We are living in a golden age of uniforms. Originally intended merely to distinguish one team from another, they've morphed into extremely creative, extremely lucrative, and extremely desirable merchandise, items no true believer can live without.

At any Eagles game, so many spectators are in jerseys that Lincoln Financial Field resembles a summer hillside, its grandstands speckled with various shades of green.

Capolino and his Philadelphia-based company are as responsible as anyone for the boom, especially when it comes to vintage jerseys. Mitchell & Ness began making the Eagles uniforms in the 1930s and virtually created the jersey-nostalgia boom six decades later.
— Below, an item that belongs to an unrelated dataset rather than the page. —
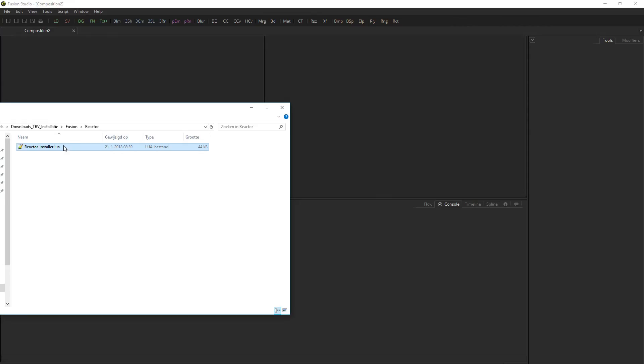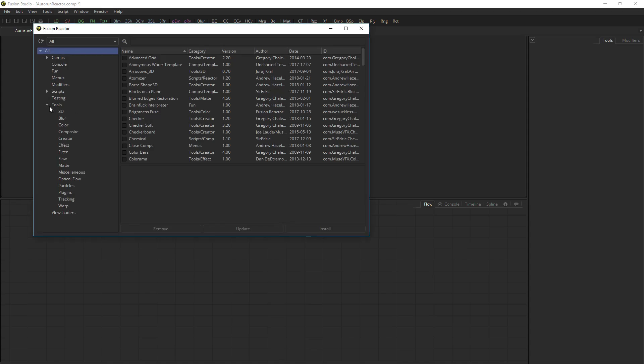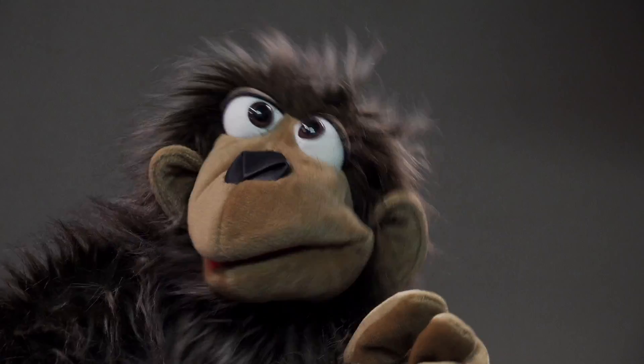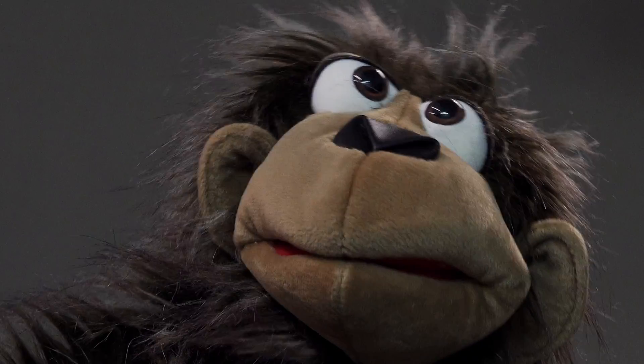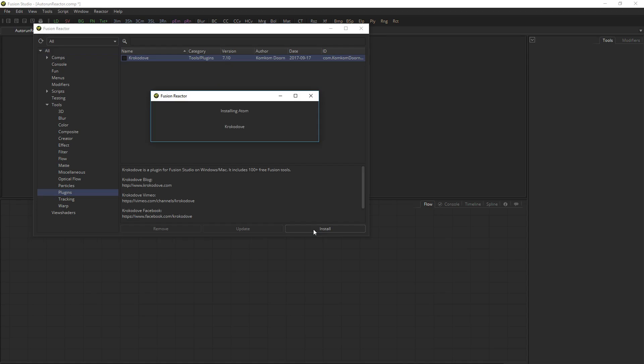Installation is easy — just drag and drop the install script on your console and Reactor will do all the work, providing you with a clean and easy-to-use interface to select and install exactly the content that you want and need. A new Fusion install on a brand new machine? Just install Reactor and quickly install all the additional tools you'll need. Click, click, it is that simple.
There was a time when uniforms were just uniforms, and, though a limited number had been available in sporting-goods stores since the 1970s, few fans were interested in wearing them.

But in 1991, the NFL, sniffing revenue potential, started encouraging experimentation and kicked its merchandising machine into high gear. Logos were put on the sleeves, NFL shields were added to the collars, and teams began developing alternative versions.

Then in the late 1990s came the throwbacks, a craze accelerated by all the rap and hip-hop artists who had a penchant for wearing them in videos and at awards shows.

It all succeeded so well that for the first time last season, the sale of official NFL merchandise - with jerseys making up the overwhelming share - topped $1 billion.

So deeply has this uniform trend taken root in sports, and so creative and constant are its iterations, that some now see it all as art.

On Sept. 10, for example, at the Fleisher Memorial Art Sanctuary on Catherine Street in South Philadelphia, Capolino will display and discuss 40 different uniforms that the Eagles wore between 1933 and 1963.

"In baseball, there's probably more variety of graphics and design," he said. "In football, it's mostly numbers, stripes, and colors. But you look at things like the fabrication and the lettering and you realize it really is a kind of art."

It might be.

But when it comes to the uniform craze, the artistic designers still have to take a backseat to the most creative geniuses in sports history - the NFL's merchandisers.